NAME

FsDB - Use the filesystem as a DB

SYNOPSIS

use FsDB;

my %hash;
tie %hash, 'FsDB', "mydb";
$hash{ $key } = $value;

# If you are creating multiple thousands of entries:
tie %hash, 'FsDB', { dir=>"mydb", depth=>1 };

DESCRIPTION

FsDB uses the filesystem as a DBM or more correctly, a persistent key-value store. FsDB will create a file for each value stored in the DBM. The name of the file is a hash of the key.

FsDB uses a directory per database instead of a file. Each value is stored in a unique file. The unique filename is created by hashing the key with "murmur32" in Digest::MurmurHash3. The value is stringified and stored in the file. The opposite operations are done to retrieve a value: the unique filename is created with the hash, the file is read and the value is returned.

FsDB is not intended to be portable nor distributed.

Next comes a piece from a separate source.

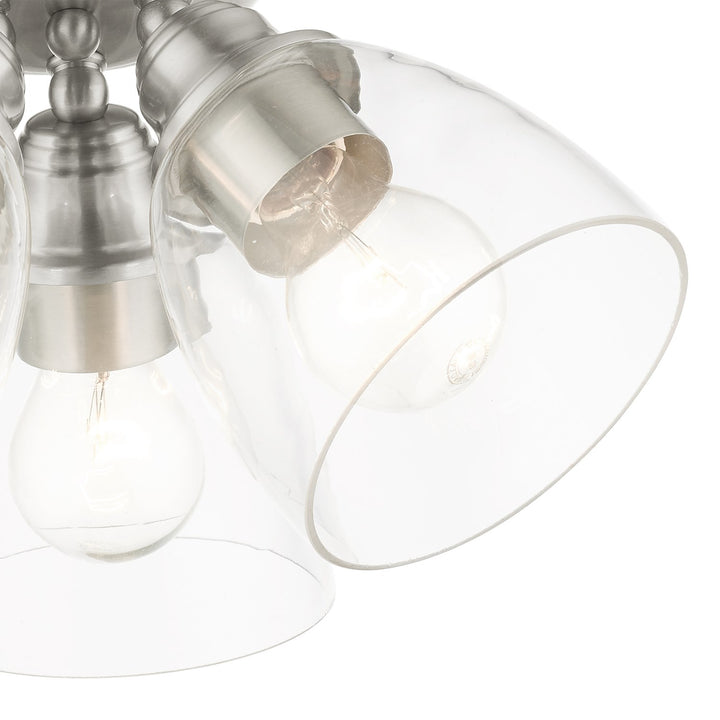 3 Light Brushed Nickel Flush Mount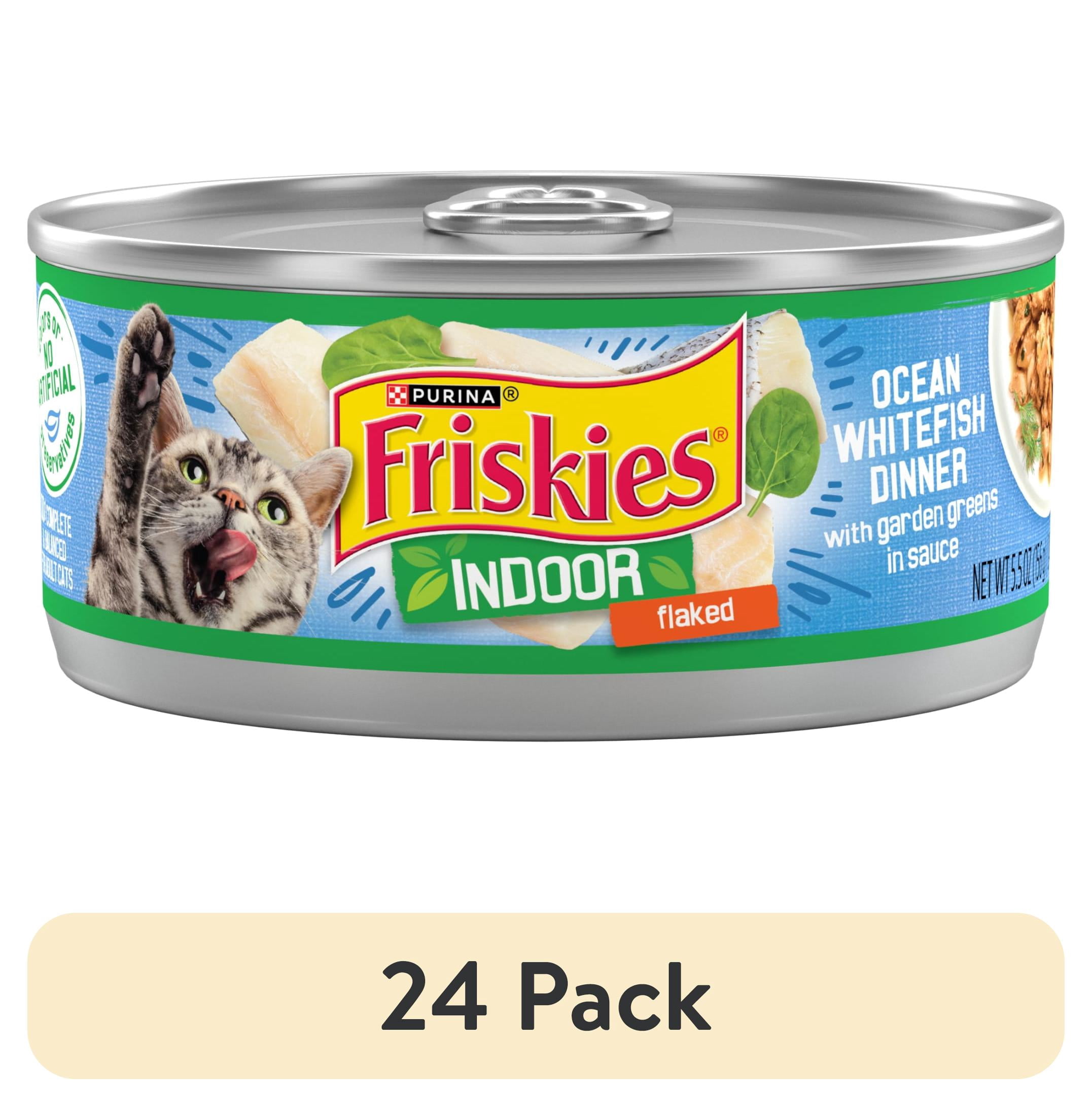 (24 pack) Purina Friskies Indoor, Flaked Ocean Whitefish Dinner, Wet Cat Food, 5.5 oz Can, 24 Pack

FsDB's defaults (depth=0) are intended for situations where you have a few keys, less then a few thousand. An example application would be persistent session information in a web application. Each session would be its own database (aka directory) and rarely will you need to write thousands of distinct keys.

The limit is what your filesystem can handle easily. For example, ext4 is fine up to a few thousand entries. Other filesystems will have different performance limits.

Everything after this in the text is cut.